I was a little unimpressed initially but as I played it more I realised just how great it is. The shooting, passing, tackling, crossing and goalkeeper AI are all better than in FIFA 16, which is my last football game purchase. I didn’t try the tactics ‘n stuff much honestly, but I assumed they wouldn’t be any worse than in PES 2015. It definitely seems like a game for the defenders, though, and not the attackers. There’s a lot of interceptions, successful tackles and skinning defenders is very difficult, along with the shooting being something of an acquired skill as in most PES games. As a result, attacking and scoring goals is harder than I’ve ever experienced in a footie sim. Defending is better, too, than I’ve ever experienced, because tackles feel so realistic, and everything feels rightly physical. It’s a part of the football game that hasn’t ever quite been emulated quite right in its video games, but I think it’s been pioneered by Konami.
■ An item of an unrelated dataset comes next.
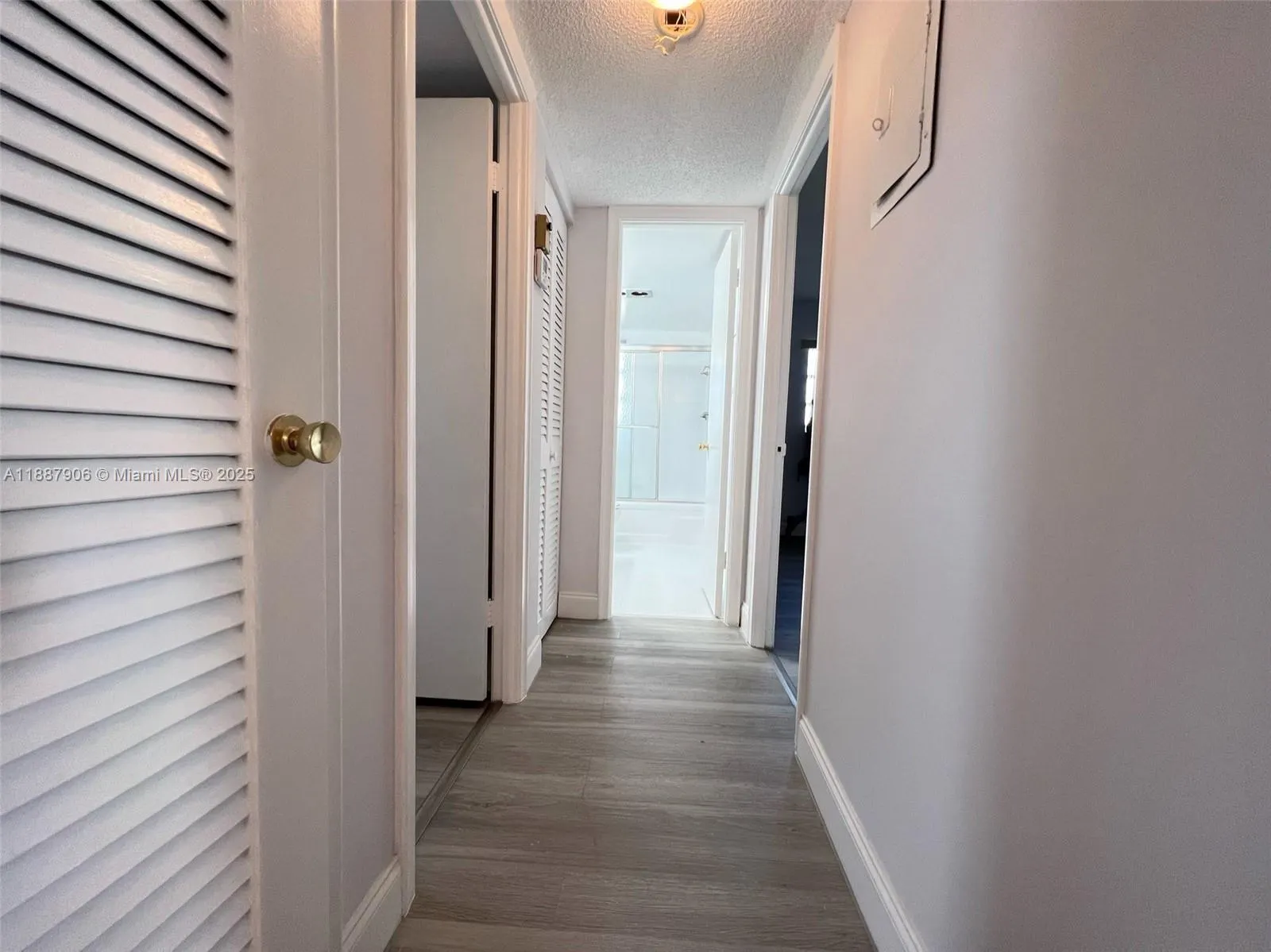 301 NE 14th Ave, #608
 photo tacklez_zpscqysjcul.jpg

Tackle ‘im! Yeeeaah, that’s it.

The attacking play ain’t no slouch, either. As mentioned before, there are so many aspects of the game that feel better than in EA’s last footie output, including basics like shooting, passing and crossing that are vital to keeping the attacking play at a realistic and fun quality. In FIFA 16, the crossing in particular is extremely poor, because it’s usually inaccurate and it’s difficult to give them any height or power, so cross-field passing and crossing in from outside the box is the worst I’ve experienced in a while. The newest PES, at least, has much more viable crossing. In passing, there is a greater range of styles and power, and in shooting it is the same – with both having fantastic animations. Shooting from outside the box is especially good, because it’s the first time its felt totally real. It’s also harder to get things done on the front foot, because of the aforementioned improved defensive AI, so attacking in the game can’t be done right by any average Joe – Pro Evolution Soccer requires skill. A game that requires skill punches a challenge, and a challenge is much appreciated by yours truly – as long as it isn’t impossible, thank you very much. You can’t just run through the opposition midfield and hope to score with a pot shot in PES 2017 — which is also partly down to improved goalkeeper AI.
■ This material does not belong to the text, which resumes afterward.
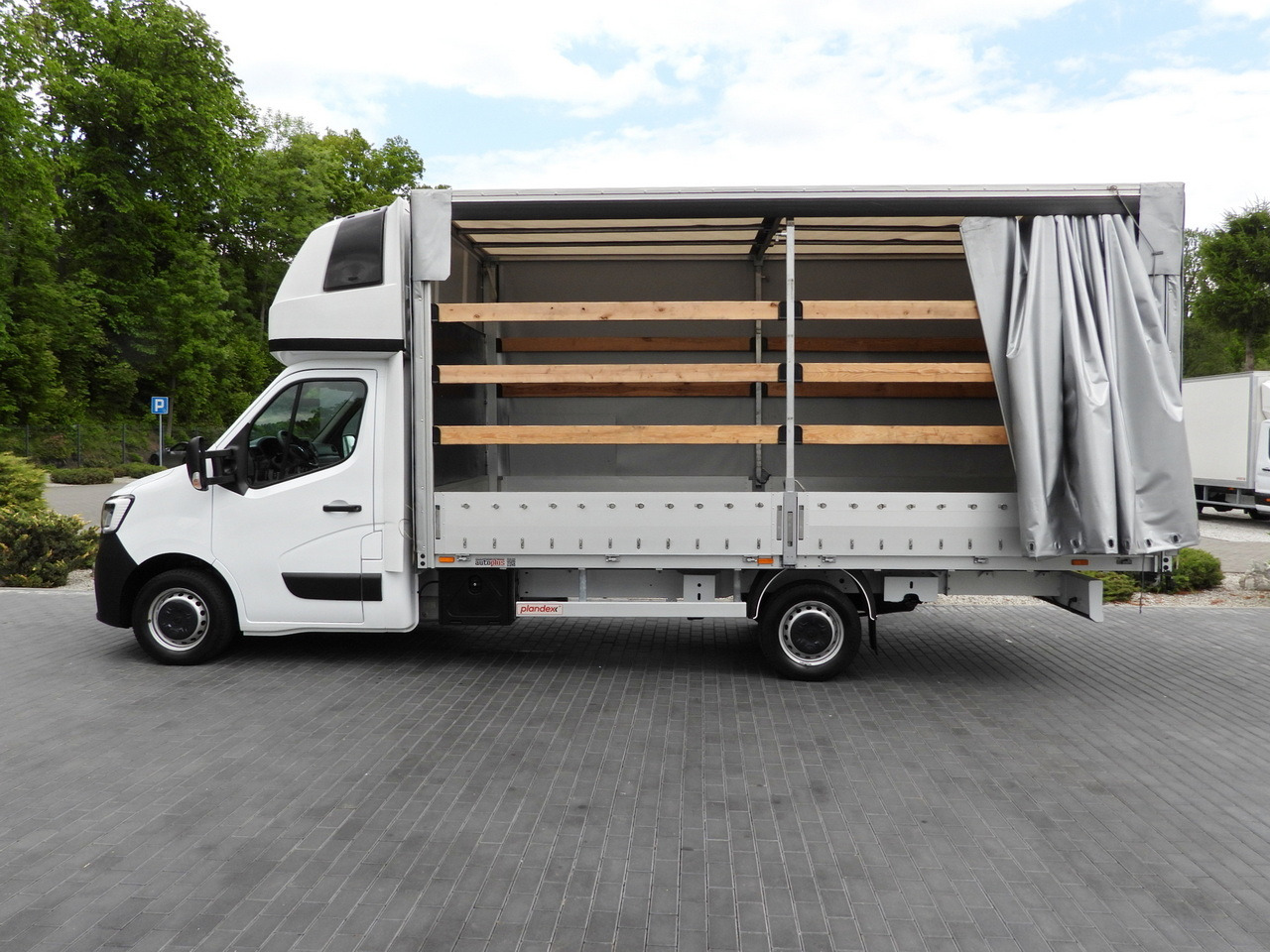 Furgoneta con caja de lona RENAULT MASTER  TARPAULIN 10 PALLETS CRUISE CONTROL LED LIGHTS PNEUMATICS AIR CONDITIONING  165HP: foto 8 Furgoneta con caja de lona RENAULT MASTER  TARPAULIN 10 PALLETS CRUISE CONTROL LED LIGHTS PNEUMATICS AIR CONDITIONING  165HP: foto 8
The thing about PES, however, is that it’s still far, far behind FIFA in terms of licenses, and at this rate I’m not sure if Konami are going to get on EA’s terms with those. Sure, customization is great, but I’d like the real thing, thanks. Also, FIFA is beating PES as ever on animations, because this new PES game is as stuttery and oddly floaty as ever. That last observation is down to FIFA 16, though, not 17. Maybe the trailers hide some sort of hideous tackling animation that involves the tackled player’s left calf imploding whilst their eyes bulge at extreme rates. Who knows what the future of EA’s animation holds.

Image result for fifa 17 gameplay

I mean, his eyes are already a little bulgy.

Freakish jokes aside, although Pro Evolution Soccer seems to be on top of the gameplay front at the moment, it still isn’t having its legacy issues sorted out. EA have bagged extensive licenses for more obscure leagues like the Norwegian and South Korean, whilst Konami have just two Premier League teams licensed and two from La Liga, after losing the rights for Real Madrid and Manchester United among EVERY OTHER Spanish top flight side. Borussia Dortmund, Arsenal and Liverpool are the new names on the block, as people can finally play as Aubameyang on Pro Evo. However, joining Real Madrid and Manchester United in the outcasts is European superpower Bayern Munich, as they are not even in the game – not even as an unlicensed team — Real Madrid happen to be ‘MD White’. The new PES has only six stadiums too.

FIFA, on the other hand, has all of the best teams licensed with stadiums N all. It even has the English Football League in its entirety, just when you thought authentic Premier League licensing wasn’t enough. FIFA totally slams PES into the ground in terms of licenses, and players on top of that. There are hundreds more players in FIFA than in PES, with the majority even having pictures. Konami are like, wowserz.

md white

The crowds and commentary in FIFA are also better than in PES, or at least that has been the rule for the last few years. Although I haven’t played the newest FIFA yet, I can guess that rule is still going strong for EA. The atmosphere in a game in FIFA is fantastic.

EA have also brought more to the football game before PES with the addition of managers being more of a prominent presence and the mode of The Journey. The Journey, though quite an odd idea, seems like a good one to me, as I explained in this article. Ultimate Team is also still the big thing in terms of footie games, and Konami’s myClub is an obvious copy cat move in attempt to do something like Ultimate Team to please online players. It’s a copy cat move and that’s what it will always look like. In terms of authenticity and content, Electronic Arts are the innovators, and Konami will always be chasing on that front.

Regardless, EA are on the back foot in gameplay terms, as Konami are the innovators there. But the problem is, authenticity in a sports simulator is hugely important, and PES just can’t reach the heights of FIFA – as NBA 2K proves in its awesomosity (new word, ya bozos). The Japanese developers are reaching new heights in gameplay, but that isn’t the only thing that makes a game. I suppose many critics claimed PES 2016 was on top of the last year’s football games, but I decisively chose FIFA over PES that time, and I may do that again, unless the demo for FIFA 17 is terrible – which I sincerely doubt. In everything other than gameplay, FIFA is still better than PES. And who knows, FIFA 17 might yet reach PES 2017’s gameplay brilliance with its new engine.

Oh wait! I haven’t mentioned any footie game in this article made before 2014, have I. I know that PES 6 was king in its day, and that PES was already beating FIFA back in the day, but in this decade and some of the last FIFA has been unmovable on the top spot. I’m talking about what’s going on now, and not what went on ten years ago, just to clarify. So indeed;

FIFA is still winning this fight; but PES is close on its tail. It’s time will come again.

Bringing redundant opinions for scrollers everywhere,


4 thoughts on “Can PES Ever Beat FIFA?

    • Dude I don’t know how I never saw this comment! You’re right, but is one license really enough? Liverpool are always licensed in FIFA, plus loads more. Partly why I don’t want PES is that Spurs aren’t licensed though! Have you decided on which one you want yet?